The field psychologist shouted over the blizzard: 'You're gonna die.' He jabbed a finger at the three of them in turn. 'You, and you, and you.'

Their grins were resolute. Desperate. All except the lieutenant, who bared his teeth and kicked the snow. ‘Fuck’s sake,’ he barked, and stormed off. One of them made to follow him but the radio operator grabbed his shoulder.

‘He’ll be fine,’ she said.

‘Well.’

She shot a look at the field psych, who shrugged. ‘So how’s it come about?’

‘Right.’ Carlyle tugged a zip open on his jacket and dug out a tablet. He shook off a glove to dabble with the screen.

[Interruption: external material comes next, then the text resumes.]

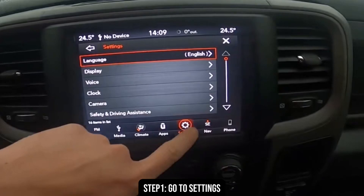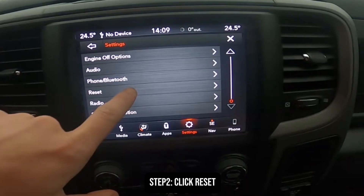Here's how to reset the computer on a Dodge Ram. The first thing you need to do is go to the settings of the computer. After clicking on the settings, you'll be redirected to the page where you will see all the actions that you can do.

The cast of the soldiers’ eyes changed as maps and enemy positions overlayed their vision, and bending into the wind Carlyle waved for them to follow him. ’Seems the mercs the cap hired didn’t get the arty after all.

’You and Ansell’s lot get about half way up the mountain before an AP round rips you three to shreds. The rest of ‘em’ll get away more or less scott free after the guys outside the impact radius cart them back to camp for aid, but you guys? Sorry. Actually,’ Carlyle sniffed, wiping his nose, ‘the shell cracks you right in the neck, Parthaguin. You’ll hear the whistling, there’ll be a second—oh no, you’ll think, it’s just like he …

‘Fuck you.’

‘Won’t tell the marshal you said that, but if you weren’t to die in three hours I’d have you up for discipline.’ They were close enough to the camp to make out the tents now, pale shapes whipping in the storm, barely darker than the snow. The field psych waved. Something waved back. Might as well have been a snowman for all they could tell who it was. ‘So,’ he went on. ‘You two need a moment to call your folks? Can’t promise a clean line in this shit.’

The other dead guy, who still hadn’t said a word, started laughing. Uh oh. ‘You okay, private?’

‘Man,’ he said. ‘Oh, man. They weren’t kidding about you guys.’ Still laughing, he gave a wobbly salute. ‘Sir.’

‘Not a lot of kidding goes on in my profession, private. Some folks’d hum and haw about the whole mess, they sit you down one on one. I bet you got some suspicions why I called you in, they’ll say, so let me be straight with you, the worst is true. Waste of goddamn time. You don’t need me talking down to you. Gonna die soon, no time for that. Anyway.’ He gave the tablet another pitter-patter then shoved it back in its pocket and regloved his hand before it went numb. ‘You see that?’

The chuckling had stopped. Parthaguin had her eyes on the other guy, but after a moment her eyes fixed on somewhere in the top right of her vision and she said, ‘Got it.’

Carlyle nodded at the man posted outside the main tent. He nodded back, unzipped the thing, and they slipped through. The marshal looked up as they entered, squinted at them each in turn, and when the lieutenant didn’t follow them inside he sighed and glanced at one of the guys crowded around the table, a man hunched over his phone, frowning in concentration. He looked up at the new arrivals, then at the marshal, then straightened.

When the marshal spoke, his voice was solemn. ‘Fetch lieutenant Slough, private,’ he said. ‘Use your judgement. He has just received some distressing news.’